Whiteout first appeared April 16, 1987, as the Jets’ counter to Calgary’s ‘C of red’
As retailers struggle to keep up with demand for Jets whiteout gear, there’s one Winnipegger who can’t help beaming.
Rod Palson is the advertising brain behind the playoff tradition that began in the city 31 years ago and has become legendary in sports circles.
Many teams in many different sports have attempted to mimic the idea of the whiteout — encouraging fans to dress up in one unified colour — but none has been able to equal the passion the Jets’ fans have shown in embracing it.
“It’s just so gratifying and it’s exhilarating,” said Palson, who was creative director at Palmer Jarvis Communications in 1987 when the company got an urgent call from the Jets, who needed a playoff campaign.
The team was facing the Calgary Flames in the first round of the Stanley Cup post-season and Flames fans had taken to wearing red for their team and calling themselves “the C of Red.”
“I think the Jets’ marketing department was feeling a little intimidated by that, that they didn’t have a counter-statement,” Palson said. “That was the reason for the meeting that was called.”
Initially, the team pitched an idea to encourage fans to wear the Jets’ three main colours — red, white and blue.
Not only would it be difficult for people to find multi-coloured clothes, it wouldn’t be very bold, Palson thought. It would just look like a regular crowd of people with all those different colours.
“That wasn’t going to make any kind of statement. How could it?” he said.
He suggest simply asking fans to wear a white T-shirt, the main colour at the time of the team’s home jersey.
There was also a need for a very quick turnaround because the game was less than a week away. Palson figured a white tee was likely something many people already had.
He can still vividly recall heading to the game on April 16, 1987, and wondering if the marketing campaign was going to work.
With his own family dressed in white as they drove to the old Winnipeg Arena, Palson started seeing more people in other cars with the same theme.
At least there will be a few, he thought. Then he walked into the arena and…
“It was mind-blowing,” Palson said.
The seats were filled 90 per cent by people in white — whatever white they could find.
“People jumped on it immediately and it was an overnight success,” he said.
The Jets went on to win the series four games to two but were swept from the post-season by the Wayne Gretzky-led Edmonton Oilers in the second round.
The tradition, however, was cemented.
During his career, Palson was involved in developing advertising for numerous clients. Many of those campaigns won awards and caught a lot of attention.
“But are they remembered today? Probably not,” he said.
“The whiteout?

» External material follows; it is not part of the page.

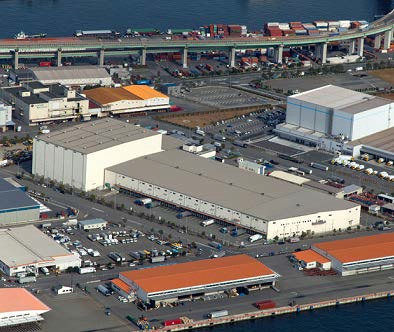 「IIF神戸ロジスティクスセンター」外観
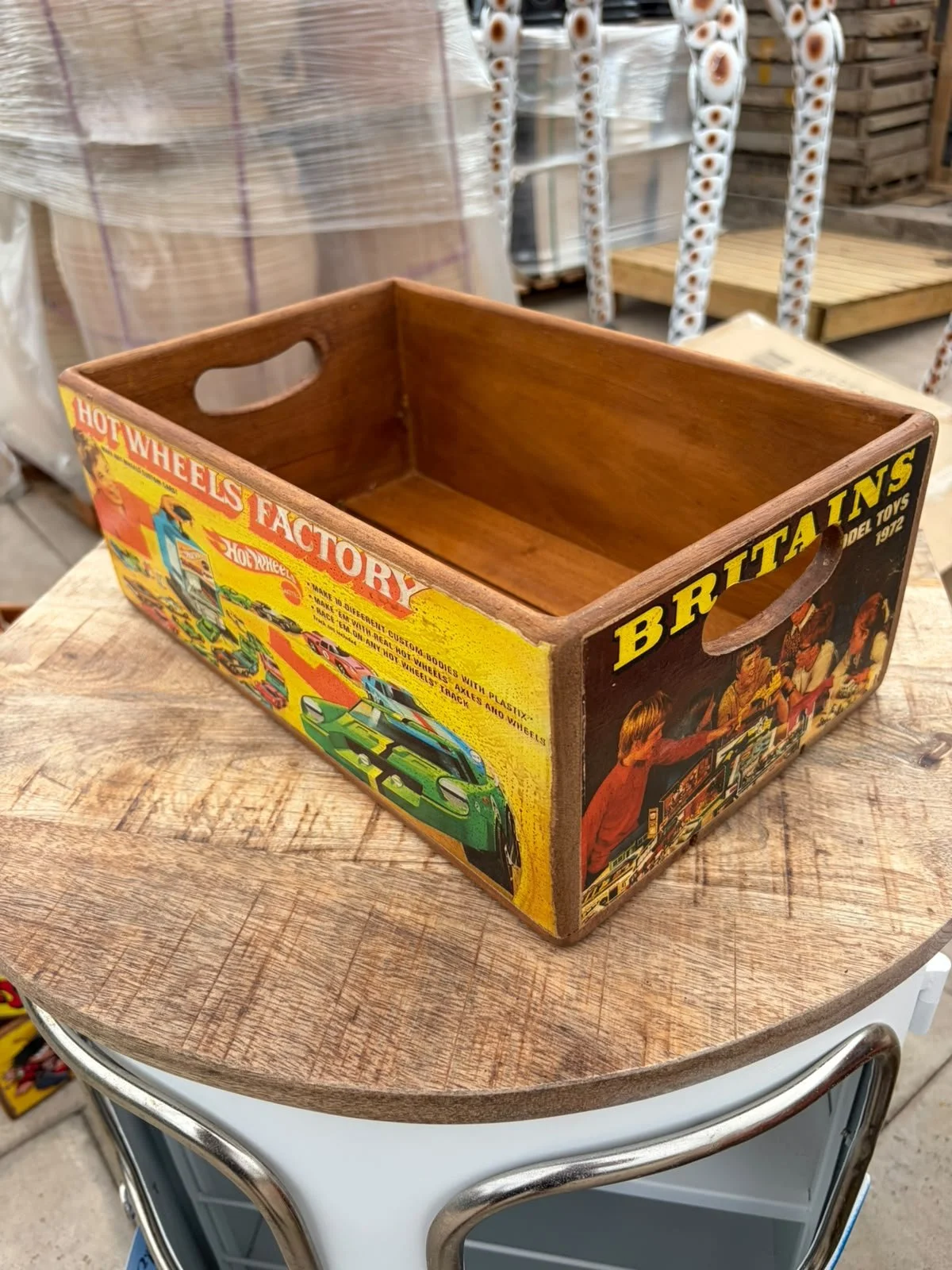 Vintage Hot Wheels Factory Shellfish Nesting Box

It has endured.”
Despite going into a hiatus for about 18 years — between the time the original Jets franchise left for Phoenix and when the Jets 2.0 made it to the post-season in 2015 — the tradition has remained strong. Maybe even grown stronger.
“It reappeared with a vengeance, with a celebration that’s almost hard to fathom,” Palson said.
On Wednesday, during the Jets’ 3-2 victory in Game 1 of the first round of the 2018 playoffs, the 15,321 fans inside Bell MTS Place were draped in white. They came dressed in coveralls, tutus, suit jackets, dresses, wigs, masks, costume ears, helmets, beards and a wide variety of other white attire.
Another 5,100 gathered outside, on a blocked-off street next to the arena, to watch the game on a big screen. Again, the vast majority were in all white.
“Since that first whiteout, there’s a whole generation, and maybe more, of people who are now buying into this. It means a lot,” said Palson.
“How many ad campaigns out there still have the enduring passion attached to them that the whiteout does? I can’t think of many.”
Even if the Atlanta Thrashers hadn’t been renamed the Jets after their relocation to Winnipeg for the 2011-12 season, and even if the team’s owners had chosen to ignore the whiteout, it still would have happened, he said.
“The fans would have done it anyway. That’s just how strong the passion is. And it feels great.”
While the idea was Palson’s, there was a team behind the campaign’s launch. Palson is quick to give full credit to Palmer Jarvis’s designers and writers, as well as the Jets’ marketing department for jumping on board and “working it to the max.”
“We made it happen very quickly. It was a team effort,” he said.
Unfortunately for Palson, he might not be able to witness his creation in person this post-season. He hasn’t able to get any playoff tickets to the hottest show in town.
“But I am certainly seeking out all opportunities,” he said.